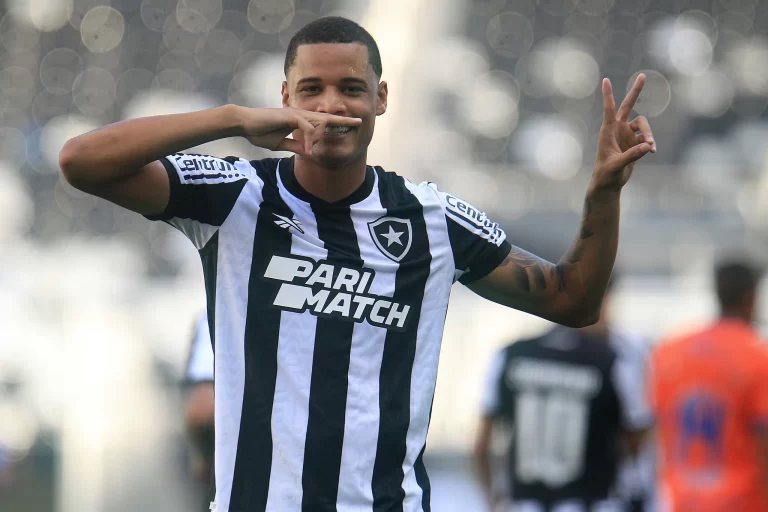 Botafogo venceu o Audax por 2 a 0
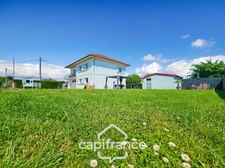 Maison à vendre 5 pièces 141 m² avec garage sur 800 m² de terrain à  SALLES ADOUR (65)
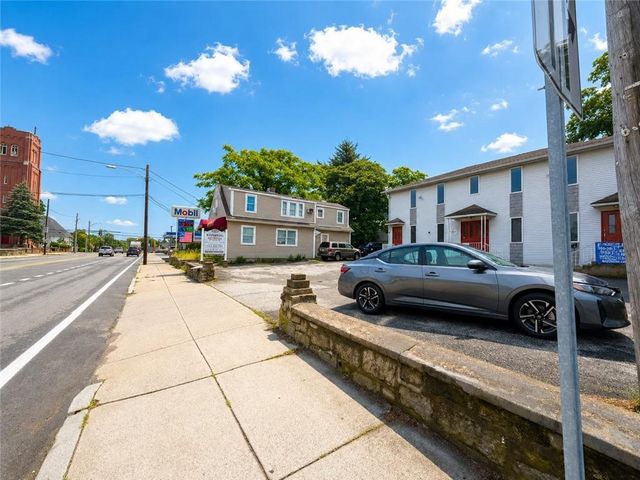 1302 Elmwood Avenue, Cranston, RI 02910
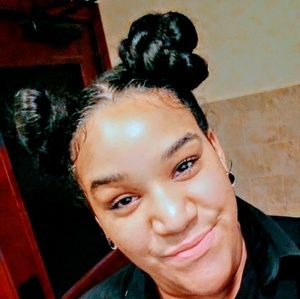 Meet your Posher, Toni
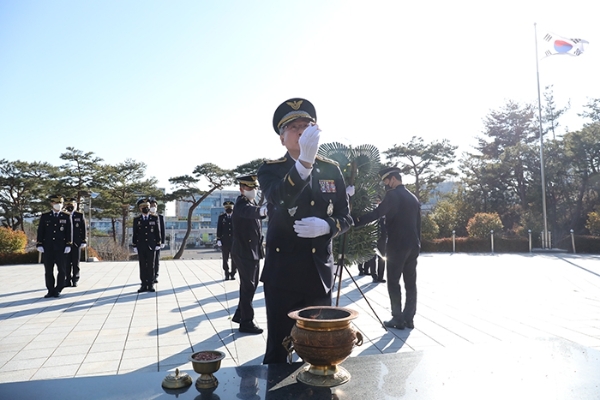 김종욱 서해지방해양경찰청장이 2일 목포시 부흥산 현충탑에서 분향을 하고 있다 (사진제공 = 서해지방해양경찰청)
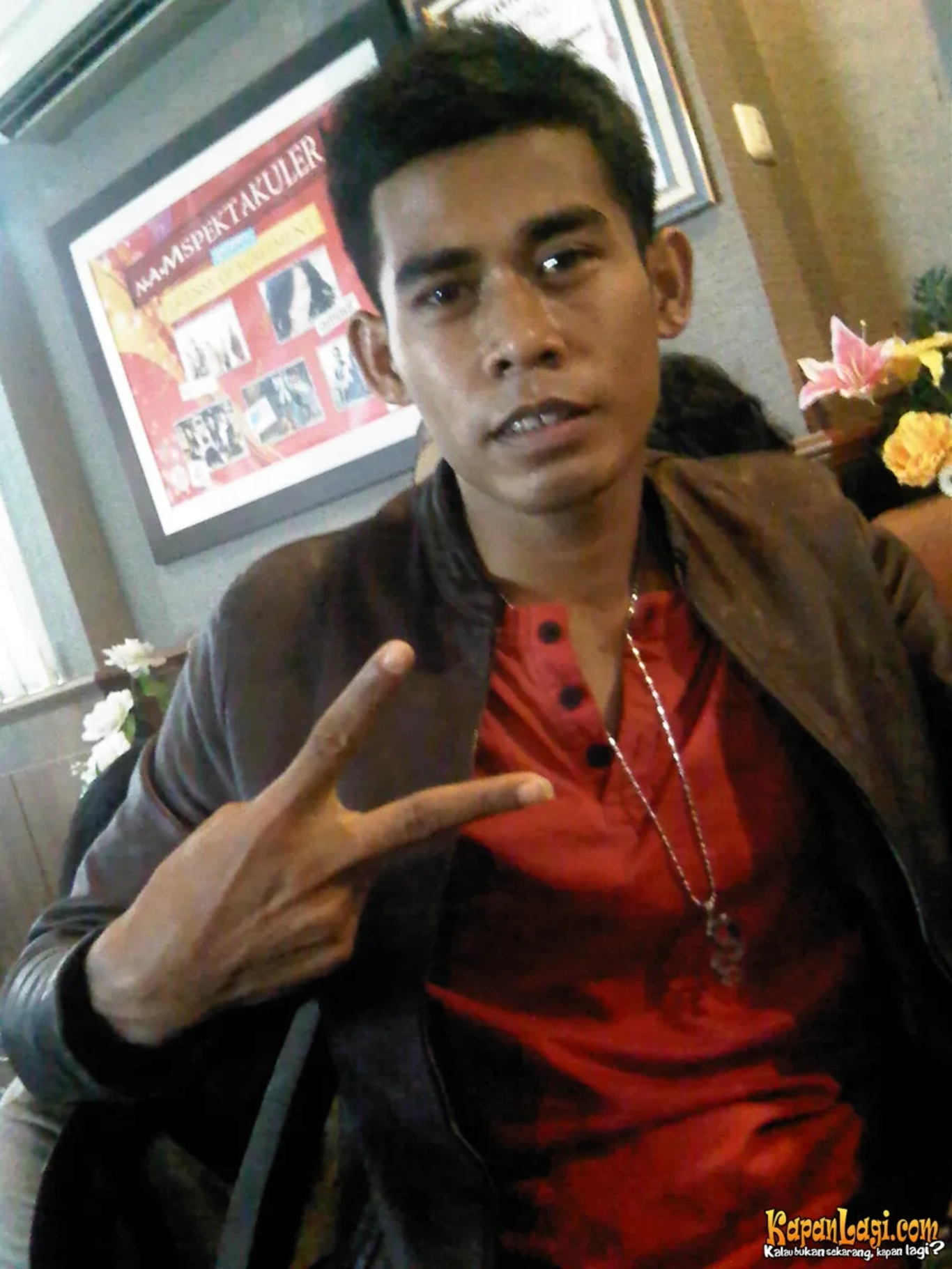 Jika Anda tidak melihat foto Caesar Agustinus, kemungkinan karena foto dengan nomor tersebut tidak tersedia di Kapanlagi.com™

■ ■ ■

_Activity_
The lines to return run from the line containing "1302 Elmwood Avenue, Cranston, RI 02910" through the last line of the records. Give them exactly, omitting pictures.

_Solution_
 1302 Elmwood Avenue, Cranston, RI 02910
 Meet your Posher, Toni
 김종욱 서해지방해양경찰청장이 2일 목포시 부흥산 현충탑에서 분향을 하고 있다 (사진제공 = 서해지방해양경찰청)
 Jika Anda tidak melihat foto Caesar Agustinus, kemungkinan karena foto dengan nomor tersebut tidak tersedia di Kapanlagi.com™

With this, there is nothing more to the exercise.